Well, the immediate purpose of enlarging our will-power is to give us something most climbers don’t have. To them climbing is a sort of game, like cricket, only played on steep mountains instead of levelled meadows--in which one displays skill, sportsmanship, and good manners, and does or does not get to the top as circumstances permit. But every now and then, even in cricket, someone comes along who does not really think of it as a game--at least, not once he gets out there with the ball in his hand. He wants to win, and because of that he usually does.

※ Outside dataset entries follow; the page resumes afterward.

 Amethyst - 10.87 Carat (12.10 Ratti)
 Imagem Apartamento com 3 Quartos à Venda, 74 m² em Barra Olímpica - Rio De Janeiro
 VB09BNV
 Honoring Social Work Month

We must want to get to the top. But, and this is very important, we must live the whole of ‘wanting to get to the top,’ not just half of it. Getting to the top is worthless if you don’t want to; wanting to is worthless if you don’t achieve it. The ‘wanting’ is damned important in terms of life because no one can know what ‘the top’ will be like. When mountaineering, we climb on because we have faith that the summit will be
there, roughly as expected, when we reach it. In life, I am not so sure. I cannot help suspecting that while we are engaged in our desperate assaults on the lower cliffs God may change the landscape, so that when we arrive everything is quite different, so much so that we may not even know we have arrived. I told you about Grandfather, and the Mutiny giving him a permanent sense of pleasure in the expected, if it happened. There was another effect, that, when he awoke, his ambition had been turned upside down. Instead of trying to rule, he found himself trying to heal.

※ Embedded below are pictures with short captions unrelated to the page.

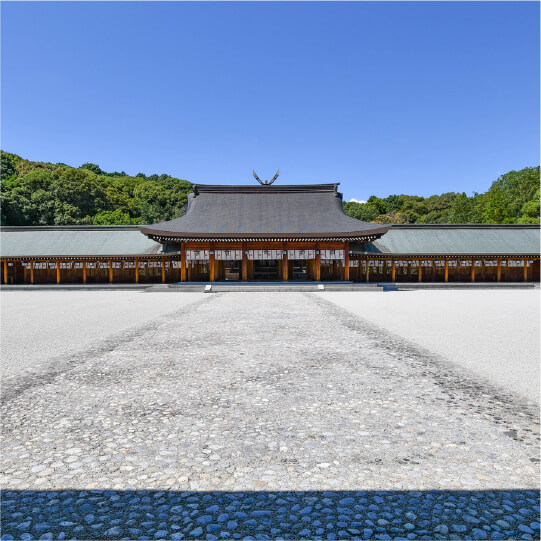 橿原神宮2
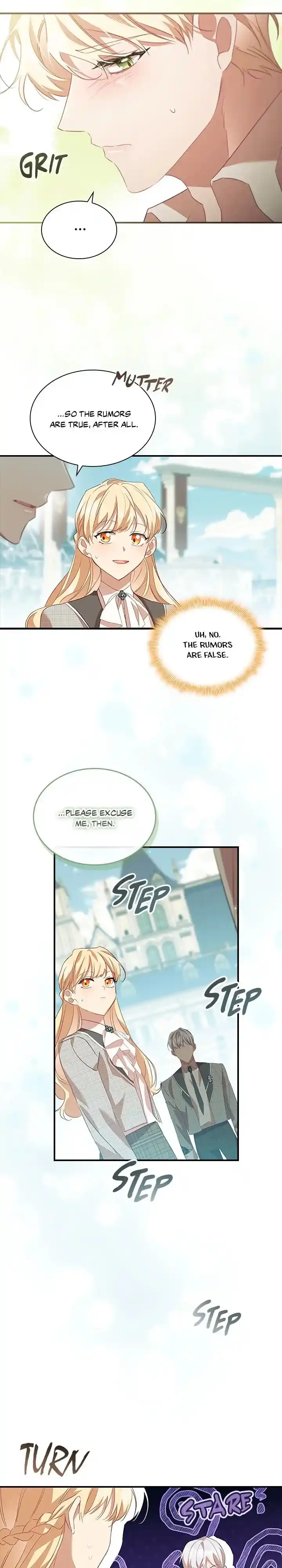 Youngest Princess Chapter 171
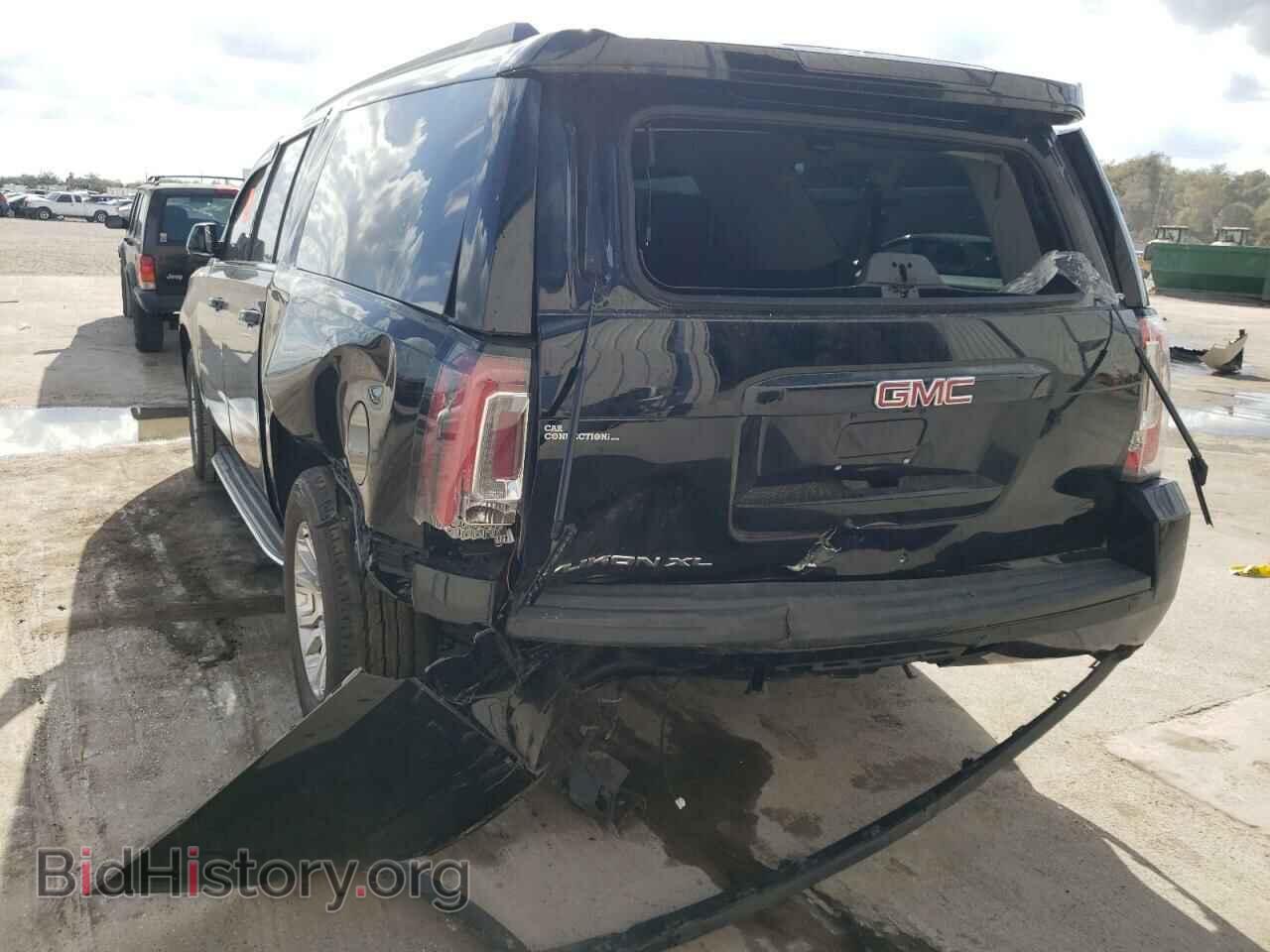 2019 GMC YUKON - VIN: 1GKS2GKC7KR166344 - Фото 9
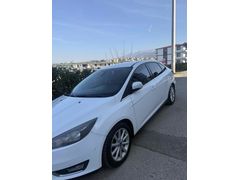 Sahibinden tam otomatik  Ford Focus 1.5 TDCi Titanium 2016 Model 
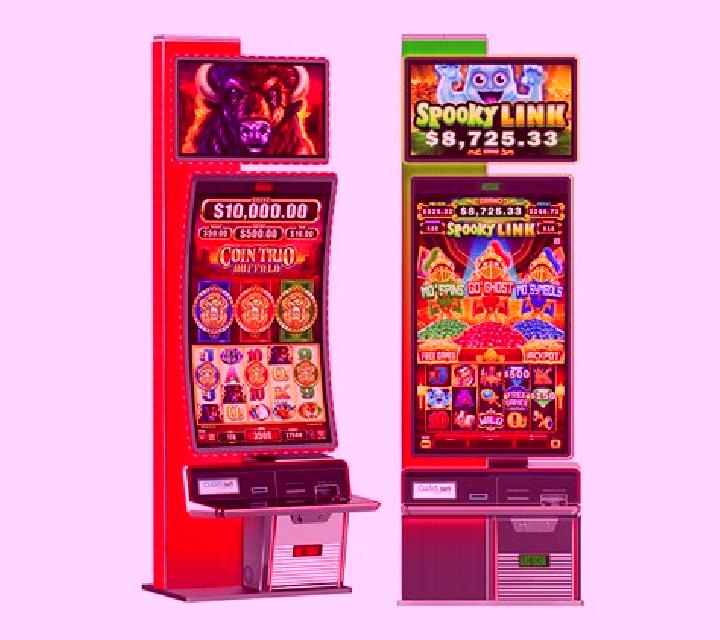 Roter Baron slot machine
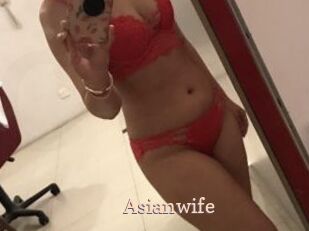 Asianwife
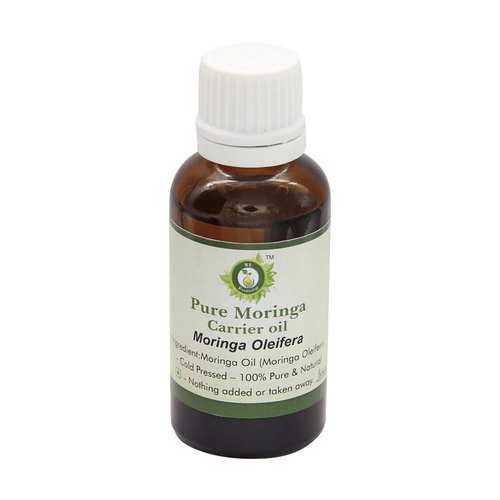 Moringa Oil Company - MORIFA Indonesian Moringa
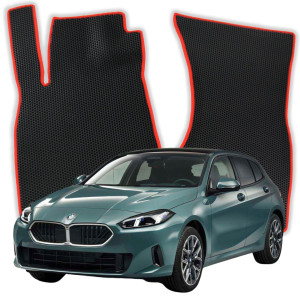 OMEVO EVA Dywaniki do BMW 1 M Pro F70 4 gen Hatchback 5 drzwi (2024-2026)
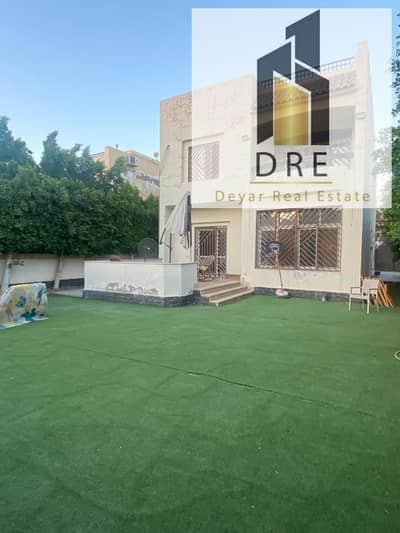 فیلا 4 غرف نوم للبيع في مدينة الشروق، القاهرة - 3dda0545-6840-4f79-a479-88277cc622e0. jpg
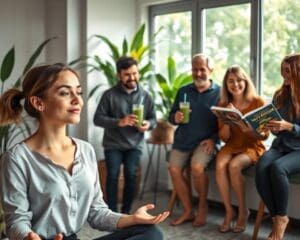 Comment améliorer son énergie au quotidien ?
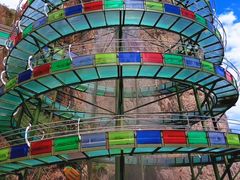 -十渡东湖港风景区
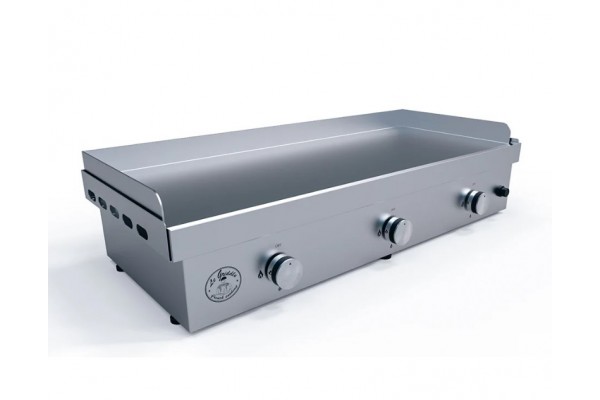 Le Griddle Ultimate Triple Burner Gas Griddle Le Griddle Ultimate Triple Burner Gas Griddle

So--we are hoping to do something great for India and the world. We see ourselves organizing, administering, directing the flow of energy. But we’ve got to remember that our particular summits, when we get there, may turn out to be something quite different--moments perhaps in which one of us is killed saving the other; or when we are thrown to the wolves by the blindness of those we are trying to help; or when we father sons who will do what we have been prevented from doing. This untrustworthiness of the Deity must not prevent us from going on towards the top as we see it, because the journey itself must also be our desire--as it is in climbing.
Why do we climb? Because we want to, and to get to the top. And, in my case, because it is easier not to.
The pinnacles of Chapel, the shape of the Matterhorn, the pyramid of Meru--which we haven’t even seen--tower up in front of everybody. They are there for everybody. The mass of men say that one should stay at the bottom, looking up--admiringly, perhaps; and it is clearly more comfortable there. Therefore, I say, I will go up. An usher at school used to call this attitude of mine ‘contrariness.’ It wasn’t, and isn’t, that at all. It is a fixed policy I decided on as long ago as I can remember, to take that course among alternatives which would keep in my own hands my own mastery over myself, other people, and, if you like, fate. They’re all alike--fate, people, your own untempered inclination--in exerting a steady, permanent, downward pressure. They’re like gravity. It’s easier to fall than to climb, easier to lie than to stand. They’re like mud, holding us still so that we never move outside the one tiny corner of our total capacity for living where we happen to find ourselves if we accept what fate, people, or our own laziness seem to decree.